After that, you have 2-3 performances scheduled by our Production Manager. You have 15 minutes to load in your show before each performance, and 15 minutes to load out after. We handle everything related to Front of House – ticketing, box office, ushers, etc. – so all you have to worry about is what’s happening on stage.

Finally, we close the Festival with a closing night party and awards ceremony!

What makes us different from other theater festivals?

Our goal is to make this an inclusive, productive, and affordable environment to see your work produced in full. We pride ourselves on providing more for less – more support, supplies, and learning opportunities without the prohibitive submission & participation fees that other festivals require.

Also, we’re working to create a network of professionals and artists that are devoted to promoting the voices of women & gender-marginalized professionals in theater — not just put up your show and never hear from you again. We have meetings where all of the writers gather together to mingle, and hope that the other writers and artists involved in the festival will become lifelong friends, mentors, and supporters. 

What are we looking for?

You’ve got an awesome show. We’ve got an awesome festival. It’s like a match made in heaven.

We look simply for shows that are high-quality and written by people of marginalized genders. We like to have a good mix of genres in each festival – plays, musicals, comedies, dramas, experimental works, and more. We also are partial to shows with themes that fit our mission of women in leadership. But at the end of the day, we want to show the world that our playwrights produce high-quality work that deserves to be seen on Broadway and stages around the country – so, the number one factor in our decision-making is how well-written your show is.

Who can apply?

Any writer of a marginalized gender (including cis women, trans women, non-binary and gender non-conforming writers), or writing team that is at least 50% marginalized genders, is eligible to apply. We’re also taking adaptations that are directed or adapted by folks of marginalized genders, even if they were originally written by men. We only accept full-length shows for the Festival (no short plays), though note that there is a 2-hour run time limit for your performance.

What kind of shows can apply?

Musicals – musicals of any size, shape, and form are welcome to apply. Just keep in mind that 2-hour run time limit. You can submit a show that runs longer than that in its current form, as long as you’re okay with making some trims for the festival.

Plays – again, plays of any size, shape, and form are welcome to apply! 

Adaptations – are you a woman director or adapter who wants to do a reverse-gender production of King Lear? We love that. Just make sure you are actually able to obtain the rights to your show (sometimes, special rights have to be obtained if you want to adapt or change gender roles), or better yet, take a public domain play.

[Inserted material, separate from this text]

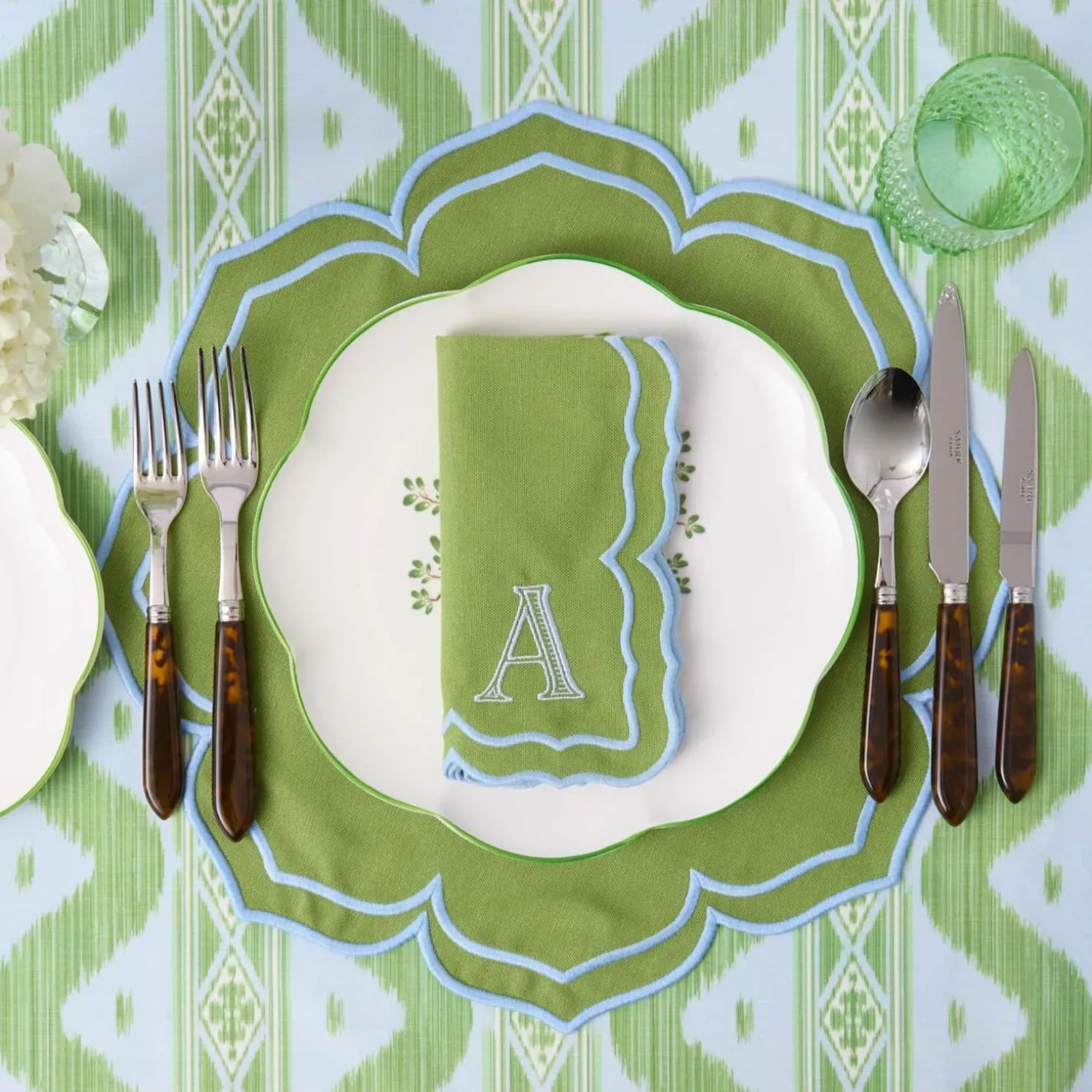 Mrs. Alice Fleur Green Placemats & Napkins (Set of 4)< Summer Table Linen | Table Linen Sets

How many shows are picked and how will we pick them?

We’re aiming to take 8 shows for our She NYC Summer Theater Festival, though we reserve the right to pick as little as 6 or as many as 9 depending on what the submission pool is like. For our She L.A. Summer Theater Festival, we’ll pick 5 shows. For Atlanta, we’ll pick 3-5.

We’re judging the shows based on two things: The quality of the writing, and the relevance to our mission. Mostly, we’re focused on giving marginalized writers the notoriety and publicity they deserve, so the subject matter of your show will only play into the judging if we have a really tight race between two shows. If we’ve got one slot left and two equally awesome shows, and one is about Napoleon and one is about Molly Pitcher, we’ll probably pick the Molly Pitcher one.

How does the selection process work?

You submit your scripts and application materials by the submission deadline. We pass your script around to a team of script readers, so each script will be read by at least three different people. The shows that get the highest ratings get passed along to the semi-final round, where they will be read by at least two more script readers, with the highest-scoring shows moving to the finalist round. Starting in February, we’ll be notifying people if they’re finalists on a rolling basis. From there, the finalists are read by our full staff, and we make our final decisions after an in-depth team discussion.

​By April, all of our selected participants will be notified, and we can start getting to work!

If I submitted a show in the past, can I submit again?

You sure can! You can submit the same show again, particularly if you’ve revised it, or a new show. If you’ve already had a show produced in the Festival, you can also submit a new show for this year. 

Will we get feedback on our submissions?

Because we don’t charge a submission fee and get such a large volume of submissions, we unfortunately don’t have the bandwidth to offer feedback on each script.

Artist Directory

Are you a stage manager, director, choreographer, musical director, or designer? Add your name to our Artist Directory. We’ll send the writers this list of artists as a reference to help them fill in any blanks on their production teams. (Note that we don’t take actors on the Artist Directory – we will have a separate casting call in May for actors). 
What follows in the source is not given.